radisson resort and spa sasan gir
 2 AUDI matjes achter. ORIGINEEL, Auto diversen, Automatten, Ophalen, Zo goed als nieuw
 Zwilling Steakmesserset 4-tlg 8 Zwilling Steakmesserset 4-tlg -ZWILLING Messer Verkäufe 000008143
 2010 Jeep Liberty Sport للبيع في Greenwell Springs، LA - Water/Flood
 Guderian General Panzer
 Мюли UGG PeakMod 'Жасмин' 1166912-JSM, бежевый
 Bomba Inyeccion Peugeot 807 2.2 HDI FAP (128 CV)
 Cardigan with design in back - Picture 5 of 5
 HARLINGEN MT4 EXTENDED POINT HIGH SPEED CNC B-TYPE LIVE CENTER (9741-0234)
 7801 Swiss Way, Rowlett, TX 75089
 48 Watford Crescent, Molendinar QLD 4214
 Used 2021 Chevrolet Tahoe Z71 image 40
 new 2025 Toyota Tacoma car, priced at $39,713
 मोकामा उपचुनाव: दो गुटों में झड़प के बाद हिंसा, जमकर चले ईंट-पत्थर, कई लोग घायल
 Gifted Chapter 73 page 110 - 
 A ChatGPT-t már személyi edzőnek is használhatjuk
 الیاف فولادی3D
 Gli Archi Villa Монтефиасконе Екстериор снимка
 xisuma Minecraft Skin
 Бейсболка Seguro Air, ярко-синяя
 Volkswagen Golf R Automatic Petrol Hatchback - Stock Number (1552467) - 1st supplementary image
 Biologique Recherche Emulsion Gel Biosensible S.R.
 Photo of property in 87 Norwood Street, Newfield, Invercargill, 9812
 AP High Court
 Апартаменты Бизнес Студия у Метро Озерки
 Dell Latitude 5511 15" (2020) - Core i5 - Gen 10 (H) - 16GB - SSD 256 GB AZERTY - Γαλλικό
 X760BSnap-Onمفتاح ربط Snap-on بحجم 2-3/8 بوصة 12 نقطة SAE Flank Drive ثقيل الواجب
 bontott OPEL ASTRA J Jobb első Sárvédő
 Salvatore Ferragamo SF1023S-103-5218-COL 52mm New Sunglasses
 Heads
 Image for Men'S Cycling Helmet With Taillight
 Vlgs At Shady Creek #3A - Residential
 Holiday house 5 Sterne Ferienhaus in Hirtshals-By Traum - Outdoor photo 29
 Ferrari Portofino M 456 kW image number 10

TASK REQUIREMENTS. An exact copy of every record is needed, so retype them all.

THE ANSWER.
radisson resort and spa sasan gir
 2 AUDI matjes achter. ORIGINEEL, Auto diversen, Automatten, Ophalen, Zo goed als nieuw
 Zwilling Steakmesserset 4-tlg 8 Zwilling Steakmesserset 4-tlg -ZWILLING Messer Verkäufe 000008143
 2010 Jeep Liberty Sport للبيع في Greenwell Springs، LA - Water/Flood
 Guderian General Panzer
 Мюли UGG PeakMod 'Жасмин' 1166912-JSM, бежевый
 Bomba Inyeccion Peugeot 807 2.2 HDI FAP (128 CV)
 Cardigan with design in back - Picture 5 of 5
 HARLINGEN MT4 EXTENDED POINT HIGH SPEED CNC B-TYPE LIVE CENTER (9741-0234)
 7801 Swiss Way, Rowlett, TX 75089
 48 Watford Crescent, Molendinar QLD 4214
 Used 2021 Chevrolet Tahoe Z71 image 40
 new 2025 Toyota Tacoma car, priced at $39,713
 मोकामा उपचुनाव: दो गुटों में झड़प के बाद हिंसा, जमकर चले ईंट-पत्थर, कई लोग घायल
 Gifted Chapter 73 page 110 - 
 A ChatGPT-t már személyi edzőnek is használhatjuk
 الیاف فولادی3D
 Gli Archi Villa Монтефиасконе Екстериор снимка
 xisuma Minecraft Skin
 Бейсболка Seguro Air, ярко-синяя
 Volkswagen Golf R Automatic Petrol Hatchback - Stock Number (1552467) - 1st supplementary image
 Biologique Recherche Emulsion Gel Biosensible S.R.
 Photo of property in 87 Norwood Street, Newfield, Invercargill, 9812
 AP High Court
 Апартаменты Бизнес Студия у Метро Озерки
 Dell Latitude 5511 15" (2020) - Core i5 - Gen 10 (H) - 16GB - SSD 256 GB AZERTY - Γαλλικό
 X760BSnap-Onمفتاح ربط Snap-on بحجم 2-3/8 بوصة 12 نقطة SAE Flank Drive ثقيل الواجب
 bontott OPEL ASTRA J Jobb első Sárvédő
 Salvatore Ferragamo SF1023S-103-5218-COL 52mm New Sunglasses
 Heads
 Image for Men'S Cycling Helmet With Taillight
 Vlgs At Shady Creek #3A - Residential
 Holiday house 5 Sterne Ferienhaus in Hirtshals-By Traum - Outdoor photo 29
 Ferrari Portofino M 456 kW image number 10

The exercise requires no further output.